Earlier this week, I mentioned Poe’s essay “The Philosophy of Composition,” which nicely sums up the two halves of his, or any writer’s, creative personality. In it, he makes a show of breaking down “The Raven” into its constituent parts, claiming that every choice he made was the result of a rational process—that he chose to write about the death of a beautiful woman, for instance, because it is unquestionably “the most poetical topic in the world,” and selected the refrain “Nevermore” because of “the long o as the most sonorous vowel, in connection with r as the most producible consonant.” Critics tend to believe that the essay is a parody of close literary analysis, and indeed, Poe often seems to be winking slyly at the reader. Yet I have the feeling that what Poe describes is not entirely removed from his real creative process. It seems quite likely that Poe initially conceived of a poem with the refrain “Nevermore,” then worked it out forward and backward, proceeding with the intuition of the craftsman, not the mystic. And the result is a poem that produces its uncanny effects in unexpectedly rational ways.

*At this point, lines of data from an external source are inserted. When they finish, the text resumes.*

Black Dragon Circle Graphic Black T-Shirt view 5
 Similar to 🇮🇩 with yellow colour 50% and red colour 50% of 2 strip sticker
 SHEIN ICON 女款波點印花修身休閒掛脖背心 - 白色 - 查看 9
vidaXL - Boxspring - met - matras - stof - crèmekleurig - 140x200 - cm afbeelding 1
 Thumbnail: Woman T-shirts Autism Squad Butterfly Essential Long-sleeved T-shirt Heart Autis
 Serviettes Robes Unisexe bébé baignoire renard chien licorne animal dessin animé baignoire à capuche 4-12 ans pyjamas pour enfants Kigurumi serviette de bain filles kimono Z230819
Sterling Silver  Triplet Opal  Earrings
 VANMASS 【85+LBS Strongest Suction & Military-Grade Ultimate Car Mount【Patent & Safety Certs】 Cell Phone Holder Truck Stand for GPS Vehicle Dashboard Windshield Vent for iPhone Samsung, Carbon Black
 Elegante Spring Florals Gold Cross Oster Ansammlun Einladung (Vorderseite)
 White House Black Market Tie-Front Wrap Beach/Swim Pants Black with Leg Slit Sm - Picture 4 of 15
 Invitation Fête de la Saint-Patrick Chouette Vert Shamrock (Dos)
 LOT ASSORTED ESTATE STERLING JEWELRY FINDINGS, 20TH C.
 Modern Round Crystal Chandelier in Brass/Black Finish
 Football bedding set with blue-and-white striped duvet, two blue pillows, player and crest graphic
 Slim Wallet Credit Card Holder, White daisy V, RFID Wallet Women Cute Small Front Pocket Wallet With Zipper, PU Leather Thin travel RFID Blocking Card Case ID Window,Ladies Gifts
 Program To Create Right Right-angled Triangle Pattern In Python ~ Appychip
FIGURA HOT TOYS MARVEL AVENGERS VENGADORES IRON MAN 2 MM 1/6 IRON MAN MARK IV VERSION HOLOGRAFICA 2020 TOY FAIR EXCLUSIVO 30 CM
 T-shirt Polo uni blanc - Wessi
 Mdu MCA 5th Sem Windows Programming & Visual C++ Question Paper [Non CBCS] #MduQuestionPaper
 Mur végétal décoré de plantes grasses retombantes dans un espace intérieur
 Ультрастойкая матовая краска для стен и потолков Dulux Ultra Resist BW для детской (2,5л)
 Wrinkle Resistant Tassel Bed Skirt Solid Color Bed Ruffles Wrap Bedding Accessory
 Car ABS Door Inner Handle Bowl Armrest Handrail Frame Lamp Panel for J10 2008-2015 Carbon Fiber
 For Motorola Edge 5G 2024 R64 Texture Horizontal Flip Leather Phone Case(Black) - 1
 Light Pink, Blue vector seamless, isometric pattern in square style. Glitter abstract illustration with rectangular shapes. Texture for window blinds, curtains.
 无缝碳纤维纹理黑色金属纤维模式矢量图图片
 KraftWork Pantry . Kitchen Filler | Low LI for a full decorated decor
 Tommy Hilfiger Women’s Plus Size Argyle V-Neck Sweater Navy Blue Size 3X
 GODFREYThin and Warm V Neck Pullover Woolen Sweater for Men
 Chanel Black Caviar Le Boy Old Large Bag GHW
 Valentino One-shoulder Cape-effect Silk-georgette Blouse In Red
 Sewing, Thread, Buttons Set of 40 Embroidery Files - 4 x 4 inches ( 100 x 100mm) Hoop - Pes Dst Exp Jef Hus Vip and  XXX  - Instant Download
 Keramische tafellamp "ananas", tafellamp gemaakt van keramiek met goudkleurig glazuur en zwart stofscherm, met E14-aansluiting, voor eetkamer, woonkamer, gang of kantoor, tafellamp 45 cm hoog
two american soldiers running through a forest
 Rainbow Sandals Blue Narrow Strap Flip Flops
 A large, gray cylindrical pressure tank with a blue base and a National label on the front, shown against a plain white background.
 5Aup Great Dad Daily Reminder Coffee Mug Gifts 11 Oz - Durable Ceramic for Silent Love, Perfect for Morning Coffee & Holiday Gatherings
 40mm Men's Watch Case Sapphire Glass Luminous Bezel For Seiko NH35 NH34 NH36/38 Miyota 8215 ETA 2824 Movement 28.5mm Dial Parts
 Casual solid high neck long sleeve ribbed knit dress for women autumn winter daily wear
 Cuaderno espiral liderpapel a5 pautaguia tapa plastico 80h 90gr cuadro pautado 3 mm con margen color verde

Poe’s influence is incalculable—”He is never wrong,” as Paul Valéry said—but these days, it’s easier to admire him for his plots and originality than for the actual experience of reading his fiction. The core of “The Murders in the Rue Morgue” is an astonishingly modern detective story, at least in terms of its red herrings and high-concept solution, but it takes a long time to get there, opening with an interminable two-page essay on the nature of analysis before introducing the characters themselves. A few decades later, Arthur Conan Doyle would refine and perfect this model to the point where we can still read his stories with undiminished delight, but even he acknowledged that he wouldn’t be anywhere without Poe. Nor would any of us. In mystery, in horror, in science fiction, in suspense: in the end, we’re all working from the example left for us by Poe, the great original, who knew what it meant to write like your life depended on it.